Experience since 31 March 2022

The 2022 valuation saw a significant improvement in funding levels compared to 2019 (increasing from 98% to 107%), with all Funds reporting an improved funding position. This is a positive outcome for the LGPS, although recent events, in particular the impact of high inflation on liabilities, will bring challenges for the period to the next valuation.
On the liability side, the movement will depend on the impact that changes in market conditions will have had on each Fund’s local funding basis. Generally, high short-term inflation will lead to an increase in the value placed on the liabilities, although, as detailed above, it may have been built into the valuation of the liabilities to some extent.
Since the valuation date, we have also seen significant increases in gilt yields. Therefore, there may be a further impact on Funds using a discount rate which is set in relation to the inflation assumption and/or gilt yields. For example, if a discount rate is set with reference to gilt yields, then liabilities may be expected to have decreased significantly following 31 March 2022 due to a significant increase in gilt yields since this date.
On the asset side, it is expected that investment returns across the LGPS will have been lower than that assumed at the 2022 valuation which will lead to a worsening in the funding position.

Results of Analysis


Membership data

The LGPS continues to increase in size with total membership increasing from 6.2m2 members in 2019 to 6.6m in 2022. The split of membership is summarised in the charts below. Please note that individuals may have multiple membership records due to different contracts etc. The actuarial valuations consider benefits by record rather than by member and therefore this count may be higher than the number of individual LGPS members.

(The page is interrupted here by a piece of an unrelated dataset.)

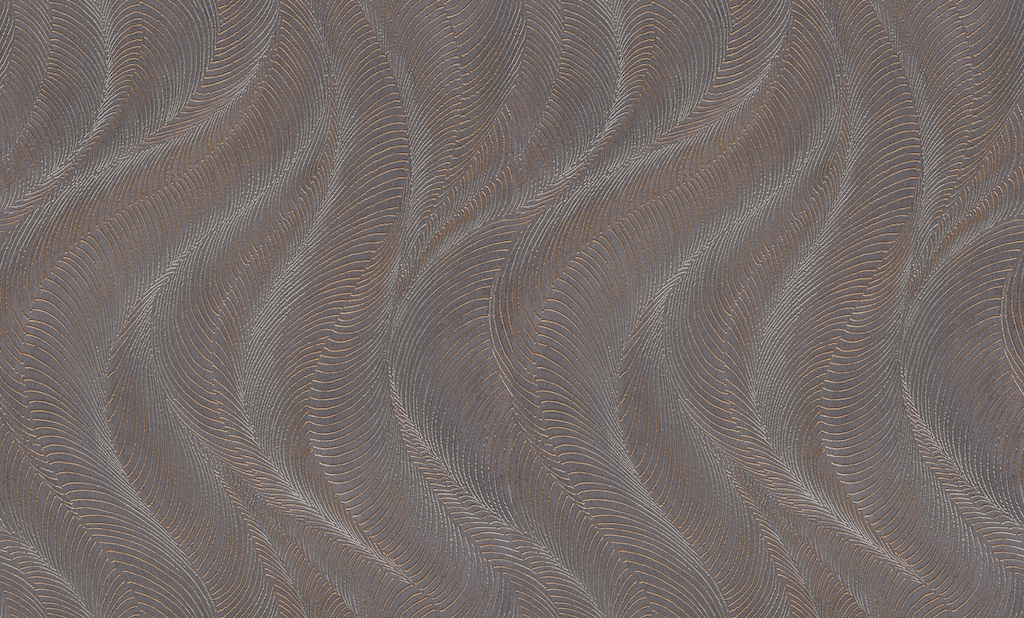 Обои Rasch арт 977936 фото 1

asset allocation at 2019 valuation                asset allocation at 2019 valuation


2 Please note that this figure differs from the Scheme Advisory Board’s 2022 Scheme annual report and we believe this is to do with how aggregated membership and multiple records have been treated. The figures in the table also differ due to the treatment of undecided members.

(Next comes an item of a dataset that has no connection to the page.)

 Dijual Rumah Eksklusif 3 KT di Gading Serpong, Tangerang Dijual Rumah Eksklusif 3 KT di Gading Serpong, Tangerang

The following table sets out a comparison of the key membership statistics at the 2019 and 2022 valuations:

Membership summary Number (000s)   Total annual pensionable pay/pension (£ms)   Average age
  2022 2019 % chg 2022 2019 % chg 2022 2019
Actives 1,975 1,896 4% 39,229 34,370 14% 50.7 51.0
Deferreds 2,708 2,536 7% 3,947 3,540 11% 51.4 50.3
Pensioners 1,922 1,734 11% 9,659 8,636 12% 70.0 69.3
Total 6,605 6,166 7%          


Please note that the average ages disclosed in the 2022 valuation reports are weighted by pension or by liability depending on the Fund. The average age shown in the table above is a simple average of the disclosed average ages and so is representative of neither.

Investment strategy

The overall allocation of assets of the Funds analysed in this report is set out in the chart below. For some more specific asset classes an allocation has been made to a class which is believed to be appropriate.

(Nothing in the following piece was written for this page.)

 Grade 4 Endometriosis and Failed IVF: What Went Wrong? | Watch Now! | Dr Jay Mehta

asset allocation at 2019 valuation

This is roughly a 70/30 split between growth and protection assets (classing equities, pooled investment vehicles, property and infrastructure as growth assets). This is a similar split to 2019, however there are some differences to note:

  • It appears that Funds are reducing the proportion of their assets held in bonds and gilts and are moving into more diversified strategies and into less conventional asset types; for example the “Other” allocation at 2019 was 7% but has now increased to 9%. This includes assets such as derivatives, unitised insurance policies and liability driven investments. In addition, the pooled investment vehicle allocation has increased from 4% to 5%.
  • There has been a slight increase in allocation to infrastructure from 4% at 2019 to 6% at 2022.


Financial Assumptions

This section outlines findings split between the different key assumptions which are:

  • Discount rate
  • Inflation
  • Real discount rate (margin above inflation)
  • Salary increases

Discount rate

The discount rate assumption is the key assumption driving the value of each Fund’s liabilities. To determine the value of accrued liabilities and future contribution requirements at any given point in time it is necessary to discount future payments to and from the Fund. There are a number of different approaches which can be adopted in deriving the discount rate to be used and the approach that is most appropriate will depend on the purpose of the valuation and the overall funding objectives and risk appetite of the Fund. Therefore each actuary and Fund will derive their assumptions in an appropriate way.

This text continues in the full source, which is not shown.